In my previous blog posts (Part I,  Part II,  and Part III) about the ‘Open Business Data Lake Conceptual Framework (O-BDL) I introduced its background, concept, characteristics and platform capabilities. In Part IV) I compared a Data Lake with other data processing platforms. In this fifth part I’ll discuss the key concepts of an O-BDL and describes how it should work.

To understand how an O-BDL should work, the following process diagram (applying The ArchiMate® Enterprise Architecture Modeling Language) is used.

An O-BDL ingests data (batch, micro-batch  as well as real-time) from other applications (through feeds) and data sources (through ingestion). Most data items (structured and semi- and unstructured) go straight into the main distributed – thus scalable – data store preserving the original structure. Some data items, however, are processed on arrival since the resulting insight is needed immediately. Data stored in an O-BDL is called data-at-rest and data that is processed without storing is called data-in-motion.

An O-BDL can generate insights from different assemblies of the ingested data. These insights can be translated into actions in multiple ways that make sense from a business point of view. A service layer takes care of delivering insights at different points of action into business processes, applications, etc.

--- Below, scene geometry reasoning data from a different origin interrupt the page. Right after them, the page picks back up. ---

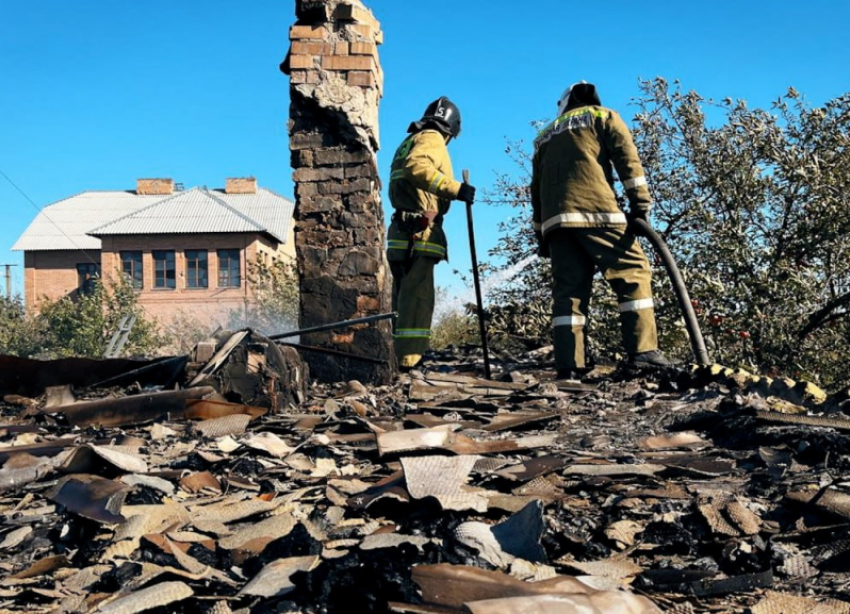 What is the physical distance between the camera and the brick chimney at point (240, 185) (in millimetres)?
44406

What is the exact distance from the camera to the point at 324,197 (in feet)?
20.5

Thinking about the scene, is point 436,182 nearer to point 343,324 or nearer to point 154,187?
point 343,324

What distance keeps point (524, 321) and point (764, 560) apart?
22.1ft

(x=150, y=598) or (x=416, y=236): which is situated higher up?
(x=416, y=236)

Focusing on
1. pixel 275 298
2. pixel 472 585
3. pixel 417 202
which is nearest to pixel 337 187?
pixel 417 202

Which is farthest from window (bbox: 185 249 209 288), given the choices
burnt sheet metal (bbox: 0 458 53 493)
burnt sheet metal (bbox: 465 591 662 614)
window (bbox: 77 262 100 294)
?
burnt sheet metal (bbox: 465 591 662 614)

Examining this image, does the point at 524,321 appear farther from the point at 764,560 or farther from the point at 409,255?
the point at 764,560

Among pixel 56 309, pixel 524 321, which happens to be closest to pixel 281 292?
pixel 56 309

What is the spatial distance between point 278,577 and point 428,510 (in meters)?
0.53

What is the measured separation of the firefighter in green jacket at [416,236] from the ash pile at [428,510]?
7.18ft

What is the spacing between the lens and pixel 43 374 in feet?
17.5

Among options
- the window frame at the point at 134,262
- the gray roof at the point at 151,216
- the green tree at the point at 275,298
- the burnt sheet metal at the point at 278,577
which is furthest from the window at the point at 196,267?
the burnt sheet metal at the point at 278,577

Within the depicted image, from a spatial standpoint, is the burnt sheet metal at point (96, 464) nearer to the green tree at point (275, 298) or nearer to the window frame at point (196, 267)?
the green tree at point (275, 298)

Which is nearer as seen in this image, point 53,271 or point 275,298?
point 275,298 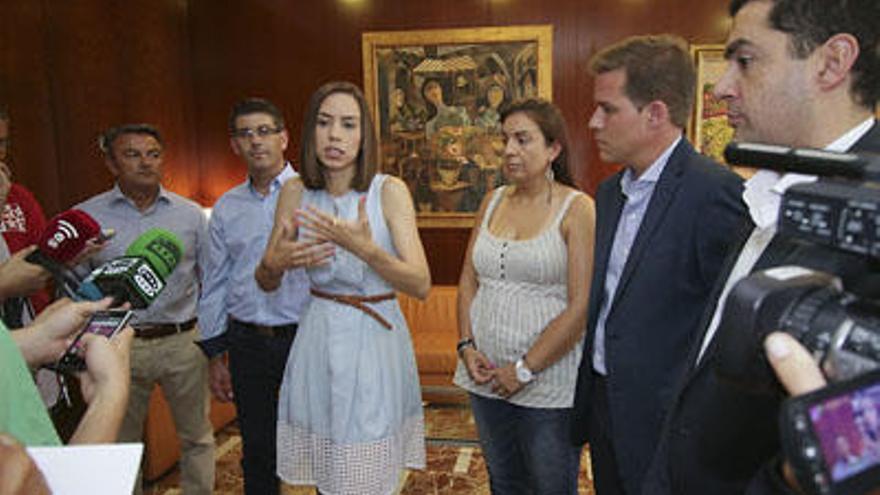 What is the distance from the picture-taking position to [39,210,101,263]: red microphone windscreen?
213 cm

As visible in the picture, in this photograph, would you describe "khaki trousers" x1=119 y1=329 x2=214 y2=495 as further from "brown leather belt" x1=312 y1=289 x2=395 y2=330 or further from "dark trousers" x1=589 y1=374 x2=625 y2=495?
"dark trousers" x1=589 y1=374 x2=625 y2=495

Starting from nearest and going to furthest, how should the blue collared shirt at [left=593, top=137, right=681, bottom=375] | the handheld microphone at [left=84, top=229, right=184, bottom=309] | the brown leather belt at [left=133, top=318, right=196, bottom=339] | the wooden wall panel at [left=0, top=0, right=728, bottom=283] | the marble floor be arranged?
the handheld microphone at [left=84, top=229, right=184, bottom=309] < the blue collared shirt at [left=593, top=137, right=681, bottom=375] < the brown leather belt at [left=133, top=318, right=196, bottom=339] < the marble floor < the wooden wall panel at [left=0, top=0, right=728, bottom=283]

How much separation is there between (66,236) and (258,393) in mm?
949

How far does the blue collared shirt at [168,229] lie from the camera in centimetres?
314

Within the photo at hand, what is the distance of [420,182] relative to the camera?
5273 mm

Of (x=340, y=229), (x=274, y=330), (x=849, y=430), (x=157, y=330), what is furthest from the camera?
(x=157, y=330)

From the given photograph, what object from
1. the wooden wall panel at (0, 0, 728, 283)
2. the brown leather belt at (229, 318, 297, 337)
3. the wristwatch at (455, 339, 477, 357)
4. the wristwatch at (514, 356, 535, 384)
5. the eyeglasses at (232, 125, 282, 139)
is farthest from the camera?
the wooden wall panel at (0, 0, 728, 283)

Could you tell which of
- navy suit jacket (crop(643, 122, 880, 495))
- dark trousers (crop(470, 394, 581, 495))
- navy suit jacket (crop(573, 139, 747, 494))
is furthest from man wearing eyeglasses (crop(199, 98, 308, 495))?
navy suit jacket (crop(643, 122, 880, 495))

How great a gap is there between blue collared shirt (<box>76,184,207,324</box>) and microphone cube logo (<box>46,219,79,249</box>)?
944mm

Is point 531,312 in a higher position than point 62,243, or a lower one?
lower

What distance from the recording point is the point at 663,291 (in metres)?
1.76

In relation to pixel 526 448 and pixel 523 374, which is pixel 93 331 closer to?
pixel 523 374

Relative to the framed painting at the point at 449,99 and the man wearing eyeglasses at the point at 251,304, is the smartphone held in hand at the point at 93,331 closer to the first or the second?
the man wearing eyeglasses at the point at 251,304

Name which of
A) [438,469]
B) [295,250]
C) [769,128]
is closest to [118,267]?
[295,250] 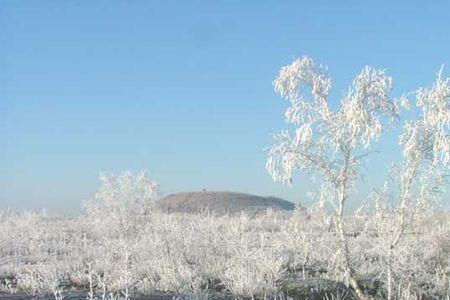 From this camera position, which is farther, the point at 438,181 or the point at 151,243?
the point at 151,243

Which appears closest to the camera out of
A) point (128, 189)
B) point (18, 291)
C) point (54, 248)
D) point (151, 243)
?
point (18, 291)

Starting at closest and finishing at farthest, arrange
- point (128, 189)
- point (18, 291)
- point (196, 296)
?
point (196, 296), point (18, 291), point (128, 189)

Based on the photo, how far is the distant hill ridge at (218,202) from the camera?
34844mm

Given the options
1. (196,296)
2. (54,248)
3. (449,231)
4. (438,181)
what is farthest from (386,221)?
(54,248)

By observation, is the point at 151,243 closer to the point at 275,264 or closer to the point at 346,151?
the point at 275,264

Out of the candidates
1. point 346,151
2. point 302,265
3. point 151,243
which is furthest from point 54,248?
point 346,151

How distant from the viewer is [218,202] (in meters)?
36.4

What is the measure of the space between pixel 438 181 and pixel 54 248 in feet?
31.4

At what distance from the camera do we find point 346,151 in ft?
31.3

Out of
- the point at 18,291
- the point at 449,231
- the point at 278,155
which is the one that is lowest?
the point at 18,291

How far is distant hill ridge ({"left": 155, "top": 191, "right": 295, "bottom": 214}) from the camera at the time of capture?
114 ft

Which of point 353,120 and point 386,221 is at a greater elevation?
point 353,120

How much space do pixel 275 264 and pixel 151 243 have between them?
3.92 meters

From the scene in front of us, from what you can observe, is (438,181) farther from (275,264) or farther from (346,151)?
(275,264) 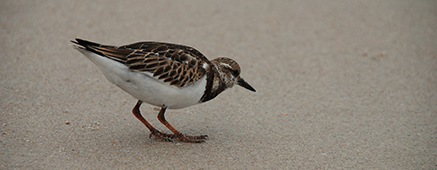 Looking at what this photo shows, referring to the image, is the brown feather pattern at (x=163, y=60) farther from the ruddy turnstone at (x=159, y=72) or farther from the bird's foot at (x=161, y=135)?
the bird's foot at (x=161, y=135)

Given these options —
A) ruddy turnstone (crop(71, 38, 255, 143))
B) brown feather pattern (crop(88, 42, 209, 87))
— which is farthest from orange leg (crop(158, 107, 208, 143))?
brown feather pattern (crop(88, 42, 209, 87))

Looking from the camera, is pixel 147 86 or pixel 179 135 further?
pixel 179 135

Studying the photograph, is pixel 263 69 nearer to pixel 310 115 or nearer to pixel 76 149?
pixel 310 115

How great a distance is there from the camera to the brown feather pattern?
12.0 ft

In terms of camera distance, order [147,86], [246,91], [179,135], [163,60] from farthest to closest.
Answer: [246,91] → [179,135] → [163,60] → [147,86]

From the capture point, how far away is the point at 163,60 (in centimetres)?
384

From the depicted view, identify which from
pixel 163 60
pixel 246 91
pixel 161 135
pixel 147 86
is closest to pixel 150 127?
pixel 161 135

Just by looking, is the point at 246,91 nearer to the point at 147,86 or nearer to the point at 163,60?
the point at 163,60

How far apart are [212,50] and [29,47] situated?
235 cm

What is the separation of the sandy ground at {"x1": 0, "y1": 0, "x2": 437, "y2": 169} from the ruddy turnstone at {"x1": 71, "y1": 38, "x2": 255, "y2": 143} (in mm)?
477

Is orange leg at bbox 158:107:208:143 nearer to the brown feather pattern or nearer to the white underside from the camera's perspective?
the white underside

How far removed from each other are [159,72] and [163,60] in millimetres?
153

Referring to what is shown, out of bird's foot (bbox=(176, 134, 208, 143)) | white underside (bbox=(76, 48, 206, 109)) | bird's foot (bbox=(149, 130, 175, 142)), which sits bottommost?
bird's foot (bbox=(176, 134, 208, 143))

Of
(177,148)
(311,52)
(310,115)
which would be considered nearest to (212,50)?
(311,52) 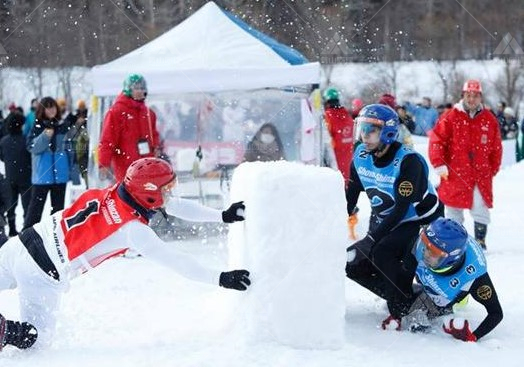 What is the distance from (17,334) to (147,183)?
3.33 ft

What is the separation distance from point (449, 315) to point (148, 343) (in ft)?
5.85

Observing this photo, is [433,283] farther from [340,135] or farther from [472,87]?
[340,135]

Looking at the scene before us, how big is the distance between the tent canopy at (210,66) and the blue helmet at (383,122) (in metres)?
4.03

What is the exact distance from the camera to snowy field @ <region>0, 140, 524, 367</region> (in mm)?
3871

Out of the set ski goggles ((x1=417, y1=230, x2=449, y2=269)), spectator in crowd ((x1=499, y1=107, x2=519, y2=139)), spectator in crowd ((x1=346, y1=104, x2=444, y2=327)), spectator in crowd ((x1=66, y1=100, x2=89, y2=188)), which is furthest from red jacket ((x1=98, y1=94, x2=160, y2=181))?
spectator in crowd ((x1=499, y1=107, x2=519, y2=139))

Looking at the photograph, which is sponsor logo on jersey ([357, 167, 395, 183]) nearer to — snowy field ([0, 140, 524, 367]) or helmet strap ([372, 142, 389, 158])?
helmet strap ([372, 142, 389, 158])

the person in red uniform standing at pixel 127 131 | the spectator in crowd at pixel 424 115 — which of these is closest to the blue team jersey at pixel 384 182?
the person in red uniform standing at pixel 127 131

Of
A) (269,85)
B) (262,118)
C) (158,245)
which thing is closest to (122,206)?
(158,245)

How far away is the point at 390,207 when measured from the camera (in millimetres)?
4863

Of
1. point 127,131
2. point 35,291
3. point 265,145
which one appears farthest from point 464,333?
point 265,145

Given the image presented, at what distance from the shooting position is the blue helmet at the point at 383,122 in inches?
185

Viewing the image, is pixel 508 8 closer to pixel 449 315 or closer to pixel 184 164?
pixel 184 164

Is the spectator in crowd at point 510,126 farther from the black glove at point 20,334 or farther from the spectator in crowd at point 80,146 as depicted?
the black glove at point 20,334

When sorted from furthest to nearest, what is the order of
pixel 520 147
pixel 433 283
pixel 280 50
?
pixel 520 147 → pixel 280 50 → pixel 433 283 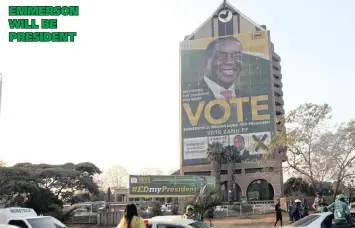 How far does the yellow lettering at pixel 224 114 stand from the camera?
286 feet

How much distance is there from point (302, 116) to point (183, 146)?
57.6 metres

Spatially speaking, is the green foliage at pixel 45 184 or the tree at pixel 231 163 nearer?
the green foliage at pixel 45 184

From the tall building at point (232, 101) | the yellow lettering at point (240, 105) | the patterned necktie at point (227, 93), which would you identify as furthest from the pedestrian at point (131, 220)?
the patterned necktie at point (227, 93)

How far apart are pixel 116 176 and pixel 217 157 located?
21.8 m

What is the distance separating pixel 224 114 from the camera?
87.4 m

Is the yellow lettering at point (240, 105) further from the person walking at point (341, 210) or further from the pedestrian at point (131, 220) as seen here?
the pedestrian at point (131, 220)

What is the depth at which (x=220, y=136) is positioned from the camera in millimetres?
86688

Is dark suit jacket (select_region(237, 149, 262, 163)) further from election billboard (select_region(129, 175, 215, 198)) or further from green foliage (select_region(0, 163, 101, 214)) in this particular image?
green foliage (select_region(0, 163, 101, 214))

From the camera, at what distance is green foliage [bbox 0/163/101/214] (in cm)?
3766

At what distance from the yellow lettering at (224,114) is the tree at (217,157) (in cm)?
626

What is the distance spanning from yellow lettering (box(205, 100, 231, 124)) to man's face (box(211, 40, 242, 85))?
4.06 m

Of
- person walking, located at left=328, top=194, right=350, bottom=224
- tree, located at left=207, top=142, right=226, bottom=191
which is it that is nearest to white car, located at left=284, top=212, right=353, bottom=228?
person walking, located at left=328, top=194, right=350, bottom=224

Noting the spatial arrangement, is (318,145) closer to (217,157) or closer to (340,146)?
(340,146)

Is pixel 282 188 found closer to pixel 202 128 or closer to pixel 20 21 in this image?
pixel 202 128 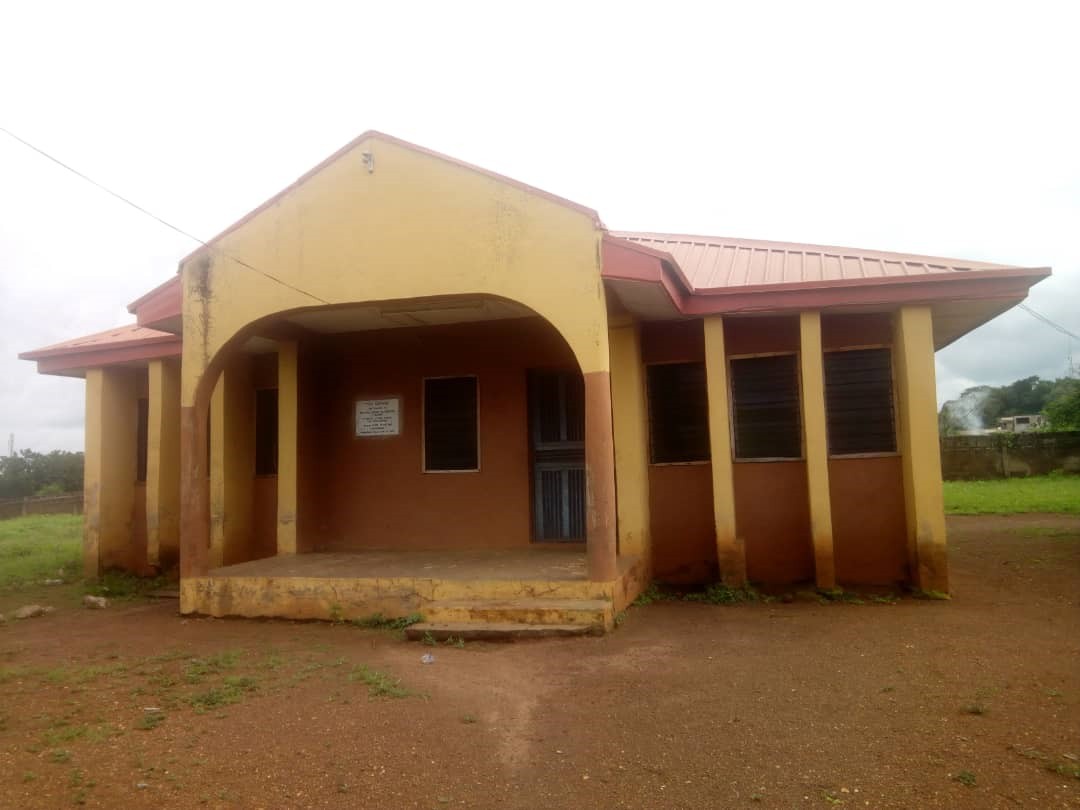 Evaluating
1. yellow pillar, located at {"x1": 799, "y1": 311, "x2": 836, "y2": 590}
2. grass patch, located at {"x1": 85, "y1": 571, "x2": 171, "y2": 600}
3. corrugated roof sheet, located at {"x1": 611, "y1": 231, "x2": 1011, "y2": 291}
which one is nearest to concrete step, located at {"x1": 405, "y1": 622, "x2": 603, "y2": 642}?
yellow pillar, located at {"x1": 799, "y1": 311, "x2": 836, "y2": 590}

To turn data into insights an O-BDL employs two types of data processing capabilities:

  • A real-time processing capability that creates real-time insights as data is ingested
  • Iteratively-designed distillation steps that progressively enrich, combine, or execute analytics with stored data to assemble new, “more valuable” datasets until it is considered a business-relevant insight

Different functions will manage the O-BDL and use of its content . The key roles involved in an O-BDL:

  • The platform owner (and operator) provides (and operates) O-BDL platform services.
  • The business use-case owners are responsible for the added business value of insights and actions.
  • The data owners are responsible for defining and applying the proper data policy, through the unified data management services of an O-BDL.
  • The business use-case contributors (e.g., “data scientists”) are responsible for discovering, experimenting with, and validating new processing capabilities (analytics) that are:
    • Relevant for the business use-case
    • Innovative, smart, efficient, like a positive “hack”
    • Consistent with the mathematical and statistical state-of-the-art.

Now it’s clear how an O-BDL should work, it’s time to define possible business scenario’s which can make use of an O-BDL. This will be discussed in the sixth blog post.